- [DATASET CONTENT]:
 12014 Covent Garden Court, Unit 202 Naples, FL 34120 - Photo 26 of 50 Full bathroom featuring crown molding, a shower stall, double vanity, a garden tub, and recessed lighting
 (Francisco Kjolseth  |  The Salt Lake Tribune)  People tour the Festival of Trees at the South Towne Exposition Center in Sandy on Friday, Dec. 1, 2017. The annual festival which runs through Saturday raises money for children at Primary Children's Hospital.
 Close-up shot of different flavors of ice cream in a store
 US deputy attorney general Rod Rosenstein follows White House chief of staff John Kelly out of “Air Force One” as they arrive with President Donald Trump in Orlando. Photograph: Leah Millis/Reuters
* * *
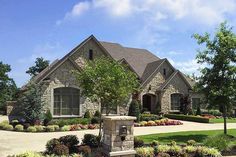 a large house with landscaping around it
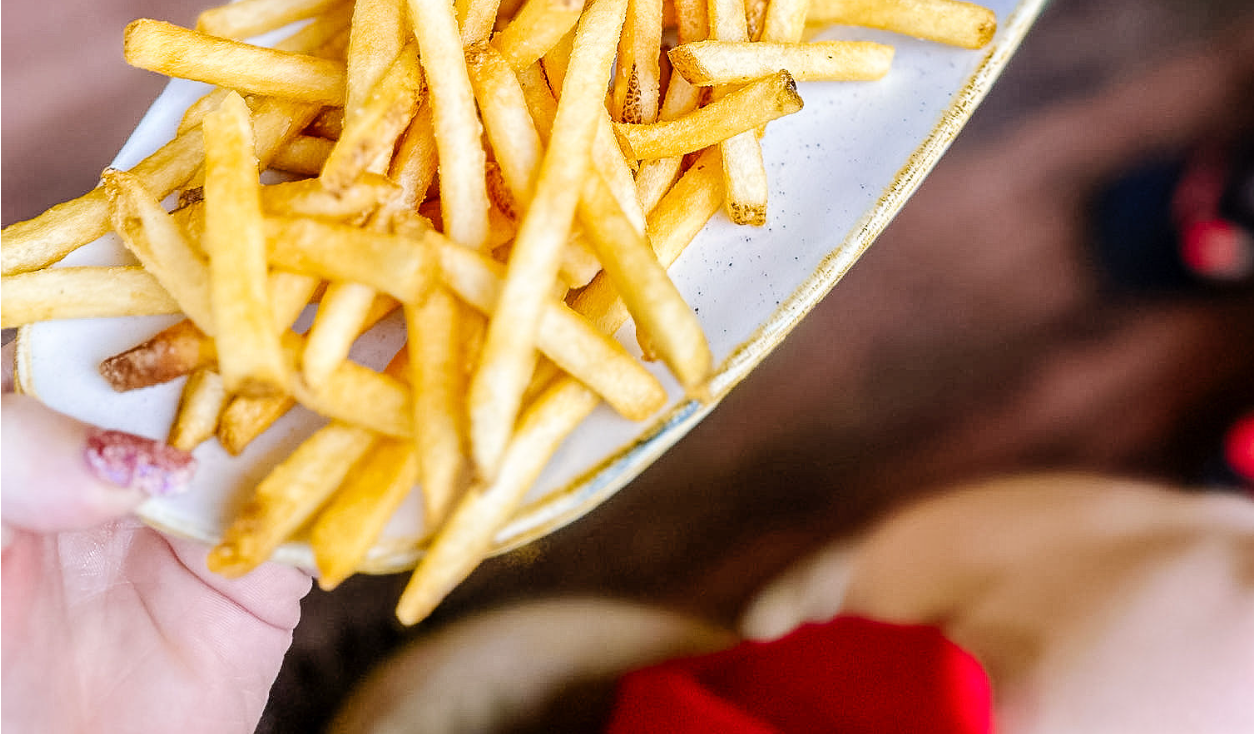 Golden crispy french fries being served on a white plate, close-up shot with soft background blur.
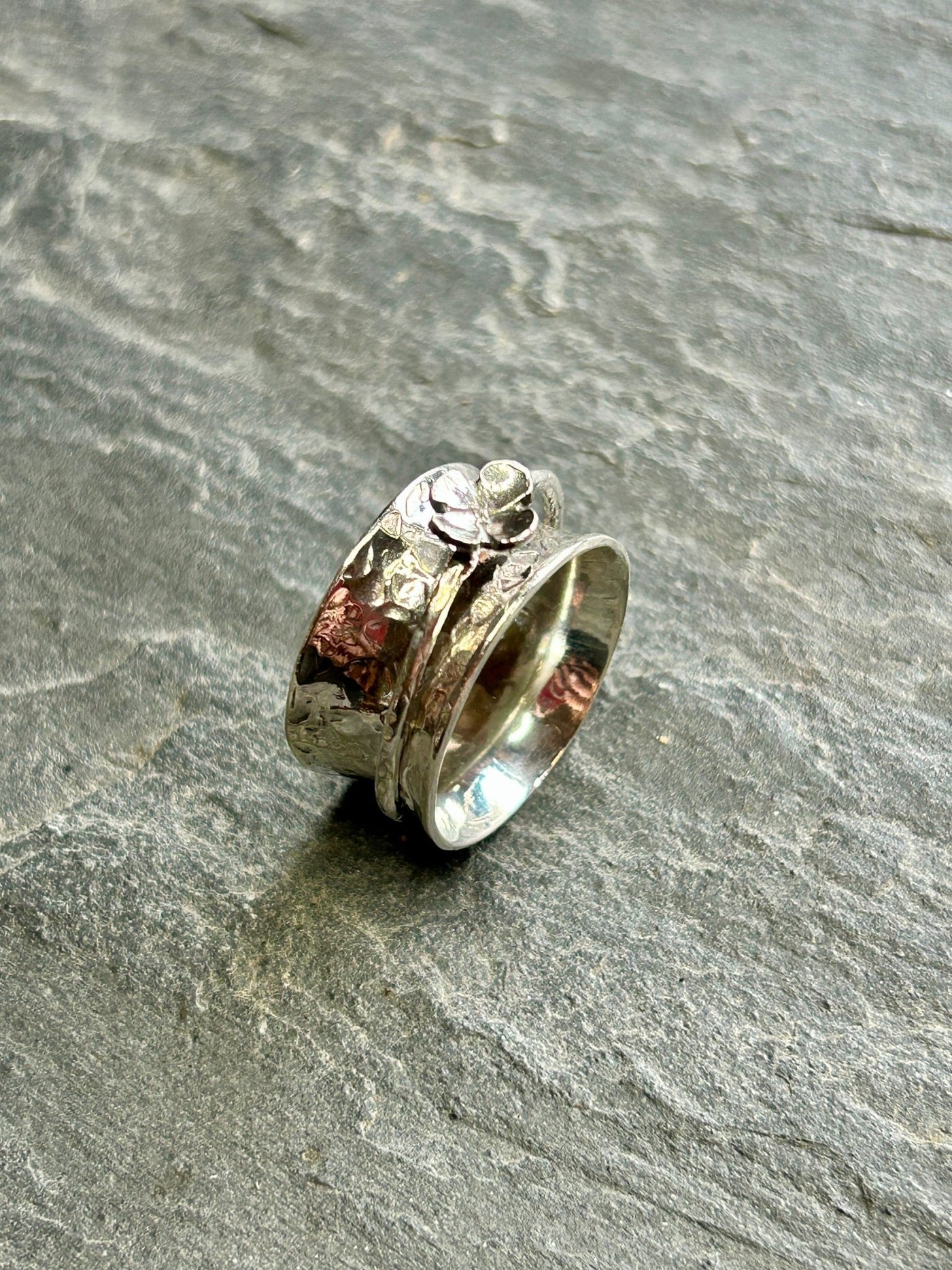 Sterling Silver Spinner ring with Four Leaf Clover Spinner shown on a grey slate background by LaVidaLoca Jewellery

- [REQUIREMENT]:
A word-for-word copy of the lines above from the one with "12014 Covent Garden" through the one with "US deputy attorney", inclusive, is the only output wanted.

- [ANSWER SPACE]:
 12014 Covent Garden Court, Unit 202 Naples, FL 34120 - Photo 26 of 50 Full bathroom featuring crown molding, a shower stall, double vanity, a garden tub, and recessed lighting
 (Francisco Kjolseth  |  The Salt Lake Tribune)  People tour the Festival of Trees at the South Towne Exposition Center in Sandy on Friday, Dec. 1, 2017. The annual festival which runs through Saturday raises money for children at Primary Children's Hospital.
 Close-up shot of different flavors of ice cream in a store
 US deputy attorney general Rod Rosenstein follows White House chief of staff John Kelly out of “Air Force One” as they arrive with President Donald Trump in Orlando. Photograph: Leah Millis/Reuters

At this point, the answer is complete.